Exercise
Please output the data exactly, minus pictures.

(Web page caption snippets)
* * *
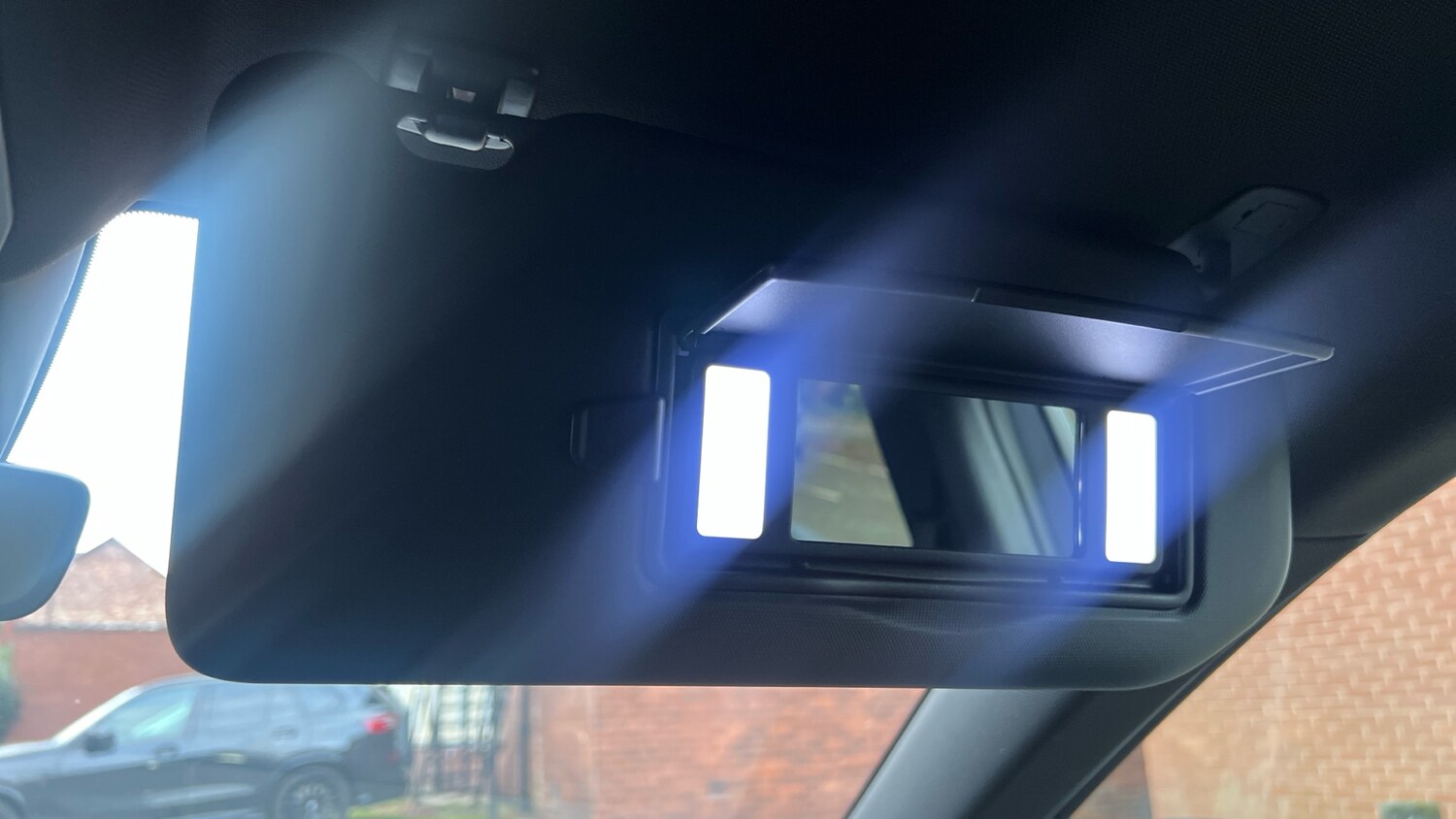 Used Peugeot 3008 2025 for sale - 77268738: Photo 36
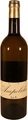 Frédéric Brochet Ampelidae Le S VDP de la Vienne - 75cl - Loire, Frankreich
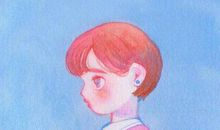 最刻骨铭心的一句话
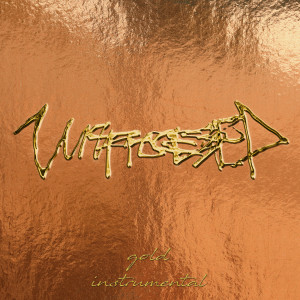 ดาวน์โหลดและฟังเพลง Gold (Instrumental) พร้อมเนื้อเพลงจาก Unprocessed
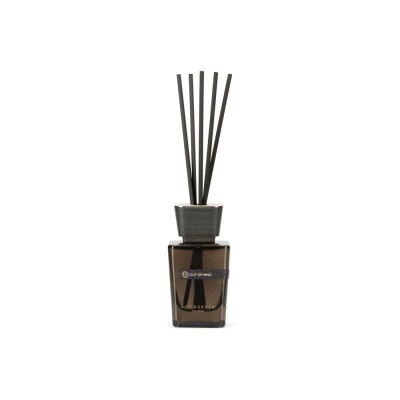 DIFF. LEGNO OUT OF MIND 125 ML SKYLINE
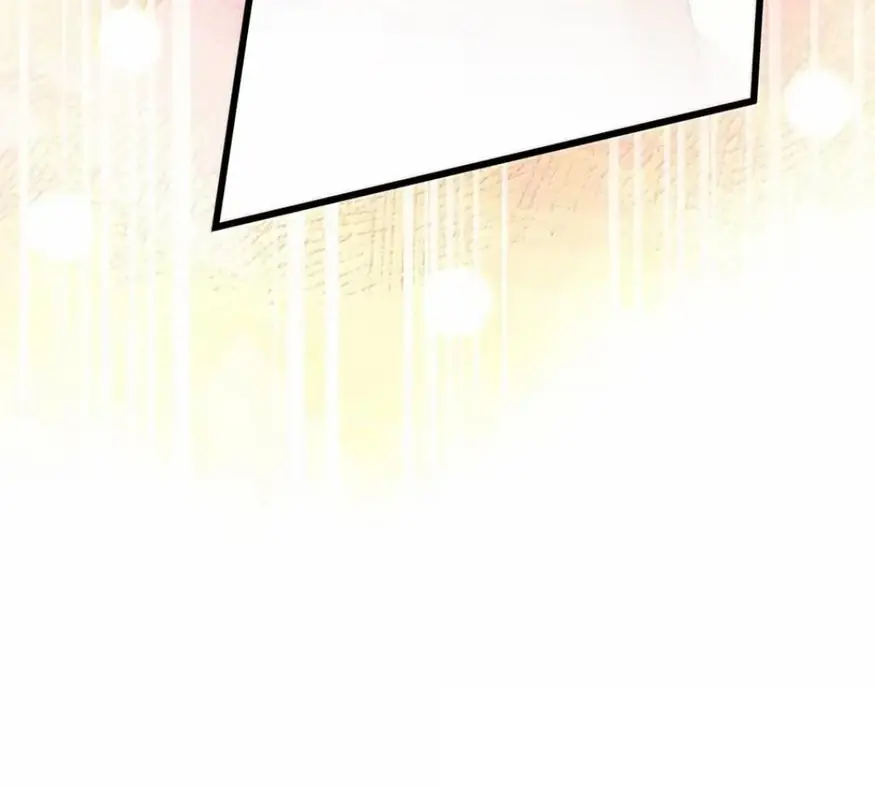 I Was Reborn as His Highness the Prince's Little Evil Dragon Chapter 76 Page 31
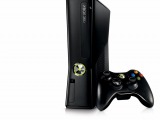 マイクロソフト、Xbox 360の製造を終了 画像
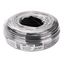 1/4" Vinyl Tubing (100 ft)
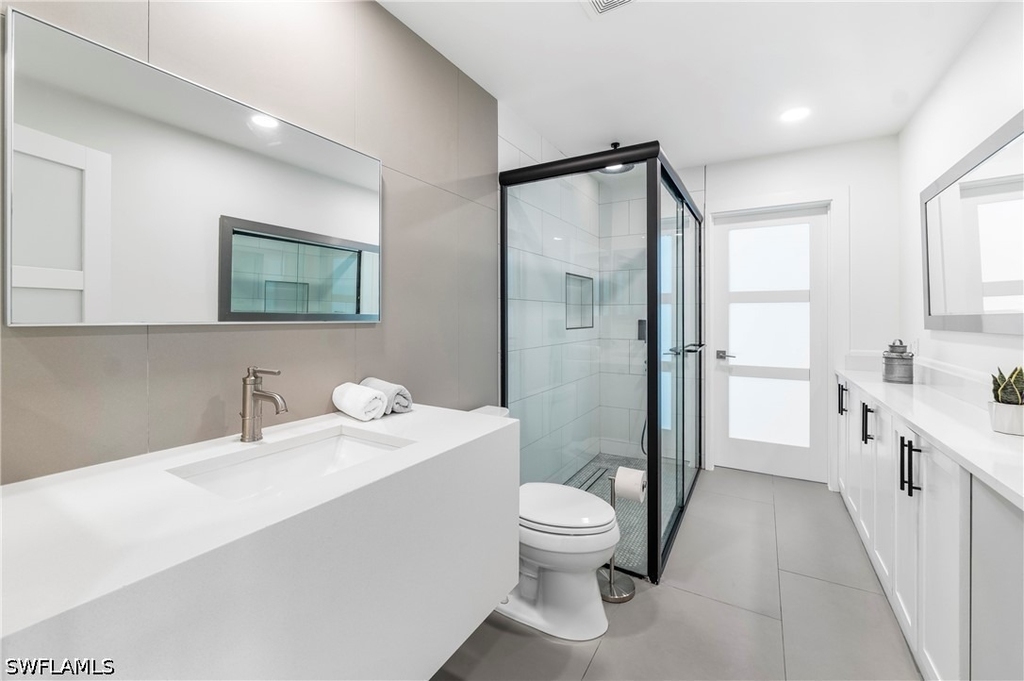 3631 1st Avenue Nw - Photo 25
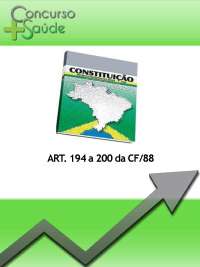 art - 194-200 - CF - 88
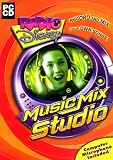 Disney Radio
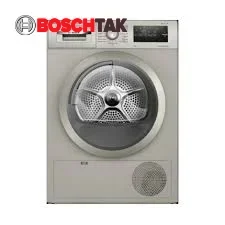 خشک کن بوش مدل WTN86212ME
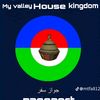 fetoonshareef
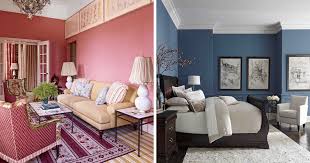 9 best paint color choices for every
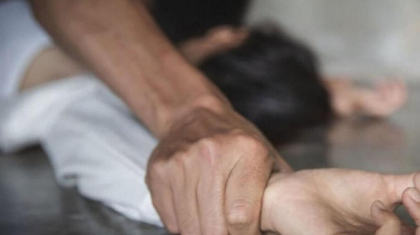Алматы облысында жасөспірім қызды зорлаған жаттықтырушы сотталды
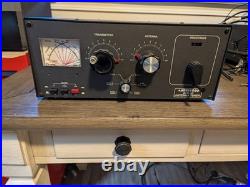 Ameritron Atr-30 3 Kw Antenna Tuner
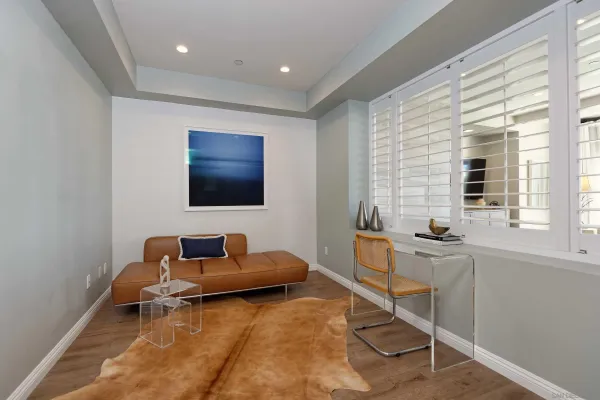 $12,000 | 5430 La Jolla Boulevard, Unit C202, La Jolla, CA 92037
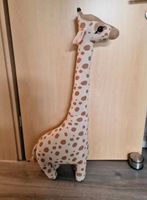 Giraffe, H&M Home Nordrhein-Westfalen - Mülheim (Ruhr) Vorschau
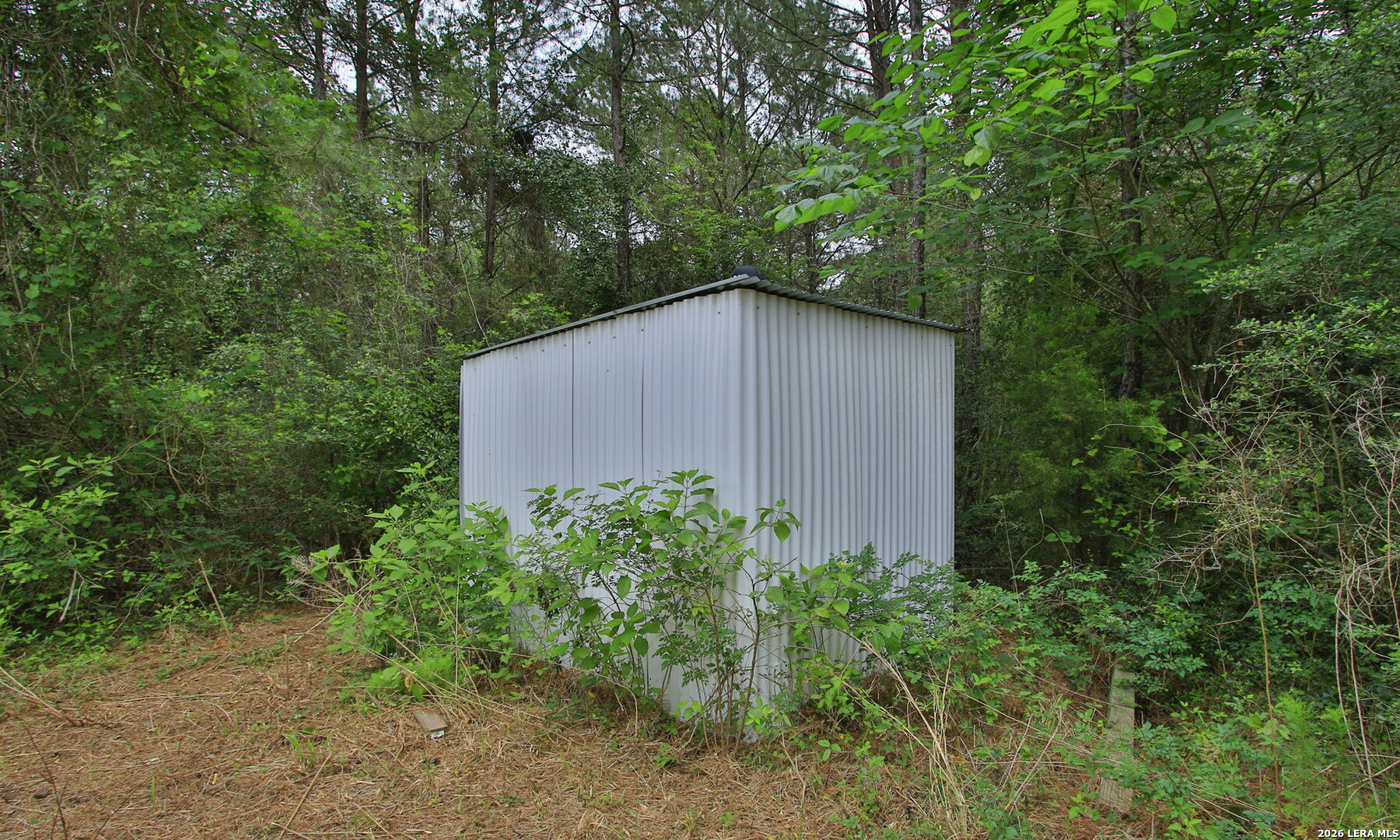 5914 Carter Waller TX 77484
* * *
Task result
 Used Peugeot 3008 2025 for sale - 77268738: Photo 36
 Frédéric Brochet Ampelidae Le S VDP de la Vienne - 75cl - Loire, Frankreich
 最刻骨铭心的一句话
 ดาวน์โหลดและฟังเพลง Gold (Instrumental) พร้อมเนื้อเพลงจาก Unprocessed
 DIFF. LEGNO OUT OF MIND 125 ML SKYLINE
 I Was Reborn as His Highness the Prince's Little Evil Dragon Chapter 76 Page 31
 マイクロソフト、Xbox 360の製造を終了 画像
 1/4" Vinyl Tubing (100 ft)
 3631 1st Avenue Nw - Photo 25
 art - 194-200 - CF - 88
 Disney Radio
 خشک کن بوش مدل WTN86212ME
 fetoonshareef
 9 best paint color choices for every
Алматы облысында жасөспірім қызды зорлаған жаттықтырушы сотталды
 Ameritron Atr-30 3 Kw Antenna Tuner
 $12,000 | 5430 La Jolla Boulevard, Unit C202, La Jolla, CA 92037
 Giraffe, H&M Home Nordrhein-Westfalen - Mülheim (Ruhr) Vorschau
 5914 Carter Waller TX 77484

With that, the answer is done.